Hyung Suk Kim, Ph.D.
Assistant Professor
Dept. of Semiconductor Engineering,
Gachon University
MAXAM Labo.
유기전자·포토닉스 연구실
Research Areas:
Organic Electronics, Organic Optoelectronics,
Quantum Chemistry, Photophysics,
and Computational Materials Science
Education:
Ph.D. in Electrical Engineering, KAIST
Experience:
OPERA, Kyushu University
Mobile Display Materials Development Team, Samsung Display Co., Ltd.
Contact:
hyungsuk (at) gachon.ac.kr
Tel/Fax. +82-31-750-5799
About MAXAM
MAXAM explores the molecular origins of light in organic semiconductors.
Led by Hyung Suk Kim, Ph.D., our laboratory integrates molecular design, photophysics, OLED device physics, computational chemistry, and machine-learning-assisted materials discovery to establish predictive design principles for next-generation organic light-emitting materials and optoelectronic devices.
At MAXAM, we do not simply pursue brighter OLEDs. We seek to understand how light emerges from molecules, how excitons evolve and decay, how spin states interconvert, and how these microscopic processes ultimately govern the efficiency, stability, and performance of real devices.
Philosophy
At MAXAM, we do not see light emission merely as a performance metric. We see it as a molecular signature — a visible consequence of hidden molecular motion, excited-state evolution, spin conversion, exciton dynamics, and device-level energy flow.
Our philosophy is to look beneath the numbers. Efficiency, roll-off, stability, and optical performance are not isolated device parameters; they are macroscopic expressions of microscopic events occurring within molecules, thin solid films, and device architectures.
By decoding these events through molecular photophysics, OLED device physics, quantum chemistry, and computational materials discovery, we aim to build a mechanistic and predictive foundation for rational organic materials design.

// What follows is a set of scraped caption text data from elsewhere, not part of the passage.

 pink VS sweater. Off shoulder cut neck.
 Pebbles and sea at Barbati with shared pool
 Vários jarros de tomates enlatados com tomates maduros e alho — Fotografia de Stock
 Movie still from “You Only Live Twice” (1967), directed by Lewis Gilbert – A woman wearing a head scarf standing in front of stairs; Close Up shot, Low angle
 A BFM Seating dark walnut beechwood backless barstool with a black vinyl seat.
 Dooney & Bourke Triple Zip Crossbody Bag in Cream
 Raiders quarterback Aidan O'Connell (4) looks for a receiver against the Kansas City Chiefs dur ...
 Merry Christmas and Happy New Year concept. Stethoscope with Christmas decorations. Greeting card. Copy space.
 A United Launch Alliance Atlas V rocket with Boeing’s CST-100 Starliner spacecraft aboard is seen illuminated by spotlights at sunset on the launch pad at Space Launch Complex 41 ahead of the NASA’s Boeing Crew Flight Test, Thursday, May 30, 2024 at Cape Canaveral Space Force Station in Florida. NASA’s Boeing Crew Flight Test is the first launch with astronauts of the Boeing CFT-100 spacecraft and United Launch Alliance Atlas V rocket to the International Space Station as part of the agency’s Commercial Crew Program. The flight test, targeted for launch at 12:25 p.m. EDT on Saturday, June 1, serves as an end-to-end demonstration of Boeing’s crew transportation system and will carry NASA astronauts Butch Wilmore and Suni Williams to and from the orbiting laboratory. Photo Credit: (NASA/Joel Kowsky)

MAXAM pursues organic light-emitting materials research not as a race to follow trends, but as a discipline of understanding, quantification, and creative design — where the origin of light is traced from molecules to materials and ultimately to real devices.

Principal Investigator
Dr. Hyung Suk Kim earned his Ph.D. from KAIST in 2022 under the supervision of
Prof. Seunghyup Yoo, where he built a rigorous foundation in OLED device physics by investigating the origins of efficiency roll-off in operating devices and exploring strategies for its suppression.
His doctoral work bridged exciton dynamics, optical and electrical processes, and device-level performance, with particular emphasis on wave-optical modeling and coding-based numerical and analytical approaches to connect molecular excited-state behavior with macroscopic OLED characteristics.
He then joined the Center for Organic Photonics and Electronics Research (OPERA) at Kyushu University, directed by Prof. Chihaya Adachi, where he advanced his research on charge-transfer-type organic emitters, particularly thermally activated delayed fluorescence (TADF) materials, by integrating quantum chemistry, photophysics, molecular dynamics, wave/ray optics, and device physics.
Prior to joining Gachon University, Dr. Kim served as a Staff Engineer II at Samsung Display, contributing to industrial R&D on deep-blue OLED emitters and advanced OLED device architectures. Working alongside senior technical leaders, including Dr. Soo-Byung Ko and Dr. Changwoong Chu, he gained a rare perspective at the intersection of molecular photophysics, computational modeling, device engineering, and the practical requirements of next-generation display technologies.
Research Trajectory & Contributions
Dr. Kim’s research trajectory reflects a distinctive continuum across molecular photophysics, OLED device physics, computational modeling, and industrial display technology. Rather than treating these fields as separate domains, his work has consistently connected them through one central question: how molecular excited-state processes govern the ultimate performance limits of organic semiconductors.
His contributions, appearing in Nature Communications, Science Advances, Angewandte Chemie International Edition, and Advanced Materials, include uncovering the principles of complex spin interconversion in charge-transfer organic molecules, realizing ultra-high-efficiency deep-blue OLEDs, and advancing machine-learning-guided molecular design of multi-resonance TADF emitters.
Beyond his publication record, Dr. Kim actively contributes to the scientific community through peer-review service for journals across applied physics, physical chemistry, photophysics, materials science, and organic electronics, including Applied Physics Letters, Dyes and Pigments, Advanced Optical Materials, ACS Applied Electronic Materials, ACS Omega, The Journal of Chemical Physics, and Organic Electronics.
This service reflects the interdisciplinary breadth of his expertise at the interface of materials science, spectroscopy, optics, device physics, and computational chemistry.
Vision: We design light from its molecular origin
MAXAM aims to translate the physics of excited states into actionable design principles for next-generation OLEDs and organic optoelectronic technologies. We investigate how light emerges from molecules, how excitons migrate and transform, how spin and radiative pathways can be controlled, and how these microscopic processes can be engineered to realize more efficient, stable, and functionally advanced optoelectronic devices.